Kid Rock recently called for a price cap on resale tickets for live music and sporting events, arguing that fans and artists have been “getting screwed” by a system that drives up prices and offers little benefit to performers.
Kid Rock talks about price cap on tickets
“I’m here because hardworking Americans who love live music deserve better, and artists deserve control over their own work,” Kid Rock, whose real name is Robert Ritchie, told lawmakers during a Senate Commerce, Science and Transportation subcommittee hearing. Kid Rock’s testimony brought back memories of Pearl Jam’s 1995 testimony to congress about Ticketmaster’s prices and monopoly. Kid Rock himself even called out Pearl Jam for not being with him against Ticketmaster this time around recently, claiming that they have ‘Trump Derangement Syndrome.’

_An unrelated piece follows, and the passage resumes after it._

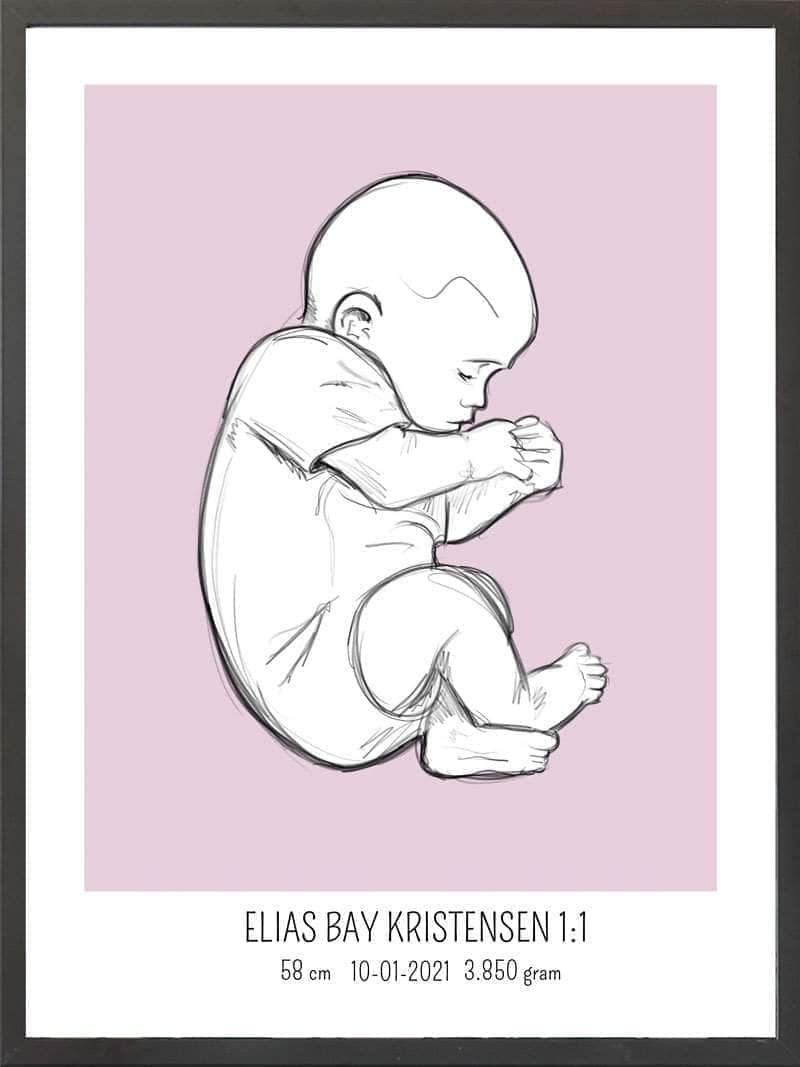 Birth Poster Fødselsplakat : Fosterstilling Lyserød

Kid Rock called out the 2010 merger of Live Nation and Ticketmaster, which together control roughly 70 to 80 percent of the ticketing market for major U.S. concert venues — as a “monopoly dressed up as innovation,” saying it did not deliver on stated promises of increasing competition, lowering prices and helping performers.
— KidRock (@KidRock) January 28, 2026
He suggested that the merger led the “economic foundation that supported artists in the past [to crumble],” pointing to concerns about piracy and secondary ticketing.
“Needless to say, that experiment has failed miserably. Independent venues have been crushed. Artists have lost leverage. Fans are paying more than ever and getting blamed for it,” Kid Rock said.
He then called for artists to have more control over their ticket inventories and how they are sold, advocating for a 10 percent price cap in the resale market to curb price gouging and a ban on speculative pricing.
He also urged committee members to subpoena contracts and deals between artists, promoters, buildings, ticketing companies, agencies, and vendors, suggesting they would find “mountains of fraud and abuse.”
Lawmakers have been pushing to regulate speculative pricing, a deceptive practice in which resellers list tickets that they do not yet own for sale on secondary platforms, for several years.